Similarly, Brian Lamb also challenged notions of “innovations” as a change for good. It was doubly sweet that Jason Toal, as DJ, lay down a kick ass musical bed punctuated with sonic insights perfectly aligned with the sentiment of Brian’s talk.


creative commons licensed ( BY-NC-SA ) flickr photo shared by giulia.forsythe.

The rise of industrialization has typically driven innovation which has done some devastating things to nature, law, equity, justice. Remember the web we fell in love with? The web we lost? There came a moment when serendipity became something we had to tame, something from heart of darkness. A hazard. Brian made 5 arguments about the LMS – THE SYSTEM IS not about learning it’s about management, grading, assessment: 1. Technology is not neutral. 2. Missed opportunities. 3. Silos 4. Draining cost. 5. Loss of Confidence. GET RID OF IT!

The web is filled with Gardner Campbell‘s bags of gold, a place we could copy, connect, build, share, link.
USE BLOGS & WIKIS, D’Arcy called from 2004 reminding Brian that he’s been ranting about this for over 10 years. Even so, we’ve never really given blogs and wikis a chance. There’s a great potential to do some amazing things in the open, with user innovation toolkits. We can make the web better. It’s up to us.

This is well articulated by Tannis Morgan, who presented on The Places, Spaces and Cultures of Applied Learning:

We would rather spend millions on low risk, yet low satisfaction (for the most part) vendor products than create tools that address our teaching and learning contexts and share them across the province. We view open tools as risky and resource intensive, yet we have entire teams dedicated to enhancing the LMS experience for students.

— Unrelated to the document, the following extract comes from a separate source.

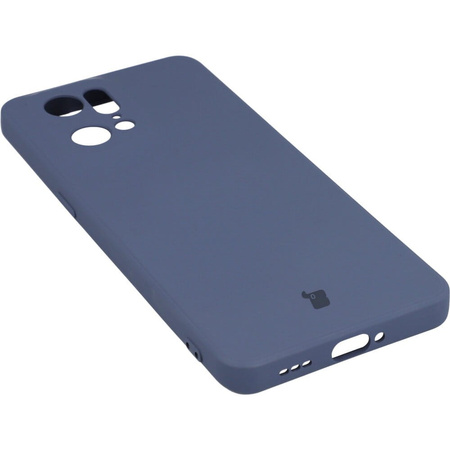 Etui Bizon Case Silicone do Oppo Find X5 Pro, szare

I also appreciated the concept of appropriation, used by Ken Simpson in his Utopian Literature course, with the support of the director of innovation, Brian Lamb. The appropriation art movement of the early 20th century took found objects, transformed them and re-contextualized them. Using this notion for artefacts of the web, students appropriated digital media and remixed them to create new meaning within their cultural context as a form of digital storytelling. This was all created on the open web, using WordPress so the outputs of their learning extend beyond a 12 week course and can live on after the end of term. It also provided an excellent opportunity to reinforce concepts of user rights, copyright law, fair dealing and transformative works.


creative commons licensed ( BY-NC-SA ) flickr photo shared by giulia.forsythe

Speaking of open, I also went to a session from TRU Open Learning Irwin DeVries and Gail Marong as they talked about Open Online Course development for the OERu consortium. The first questions at these sessions always, begin with “what’s your business model?” or “How do you make money?” followed by “how much of your time did it take?”. These were answered with “we don’t make money, we do it because it’s our moral imperative to share learning” and “it takes a lot of time, we did it after hours and above and beyond our regular workload”. This is commendable but a real challenge as a strategy when trying to convince senior admin to iterate towards openness.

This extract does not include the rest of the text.